In 1992, The Economist described Rabin's handling of the hunger strike as "more delicate" than his handling of the First Intifada, which he had called to be repressed with "force, might, and beatings." The Economist, however, described the ongoing peace negotiations as "painfully slow," noting that it may be impacted by the upcoming 1992 United States presidential election. David Landau of the Jewish Telegraphic Agency, attributed the hunger strike and general rise in tensions to "a sense of frustration over lack of progress in the first round of Israeli-Palestinian peace talks in Washington since the Rabin government came to power."

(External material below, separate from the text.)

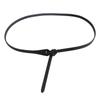 Knot Belts Soft Knotted Strap Belt Long Dress Accessories Lady Waistband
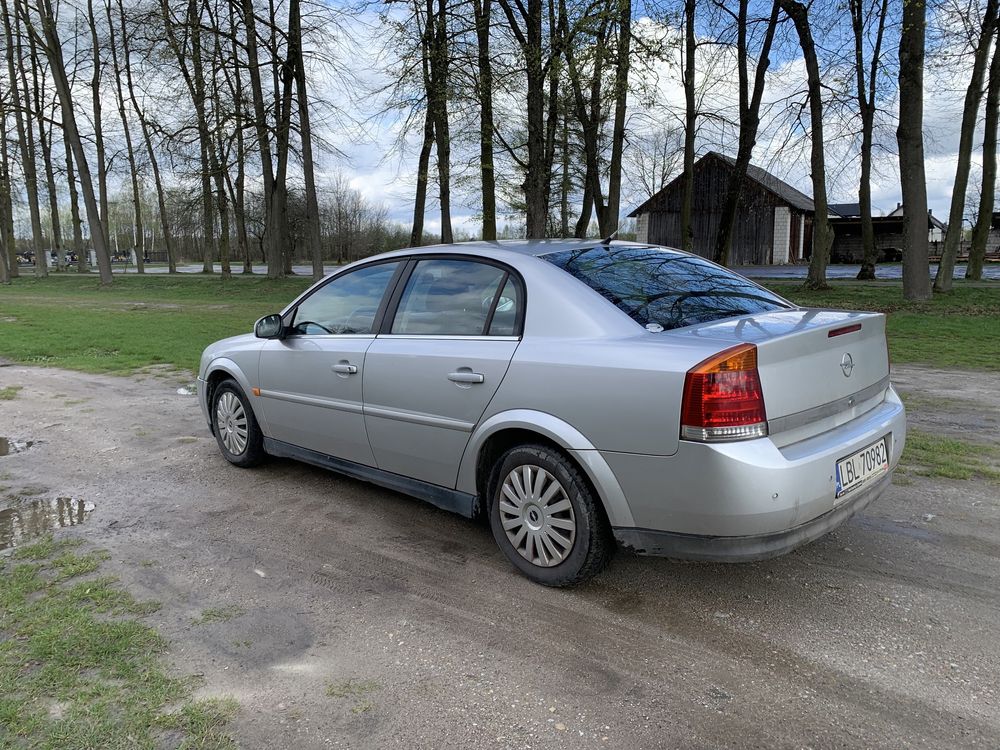 Opel Vectra C 1.8 benzyna nowe części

Following the death of Hamas leader Yahya Sinwar in 2024, during the Gaza war, Lebanese communist Nabih Awadah, who had been imprisoned in the same prison as Sinwar in the early-1990s, claimed that Sinwar had played a key role in organising the hunger strike.

== Aftermath ==
Tensions in the Israeli-Palestinian conflict would remain high through late 1992, despite ongoing peace negotiations. Between 12 and 18 October, three Israelis were killed by Palestinian militants, eight Palestinians were killed by Israeli forces, and four Palestinians were killed as suspected collaborators by Palestinian militants, the deadliest week since Rabin's term as Prime Minister began in June. On 25 October, Israeli sergeant Shmuel Gersh was killed outside of the Cave of the Patriarchs in a Hamas Al-Qassam Brigades attack. In response, several hundred Israeli settlers in Jerusalem held a demonstration that clashed with Israeli police after it attempted to storm the hotel where Rabin was greeting the visiting Prime Minister of Portugal. The same day, a large protest occurred at an Israeli checkpoint in the Gaza Strip, with Gazans working in Israel protesting against the increasing length of time it took to pass the checkpoint.

In 1993, the Oslo I Accord was signed by PLO chair Yasser Arafat and Israeli Prime Minister Yitzhak Rabin. As Oslo Accords negotiations continued through the mid-1990s, another major hunger strike by Palestinians in Israeli custody would occur in 1995, the 1995 Palestinian prisoners' hunger strike, demanding release of all detained Palestinians.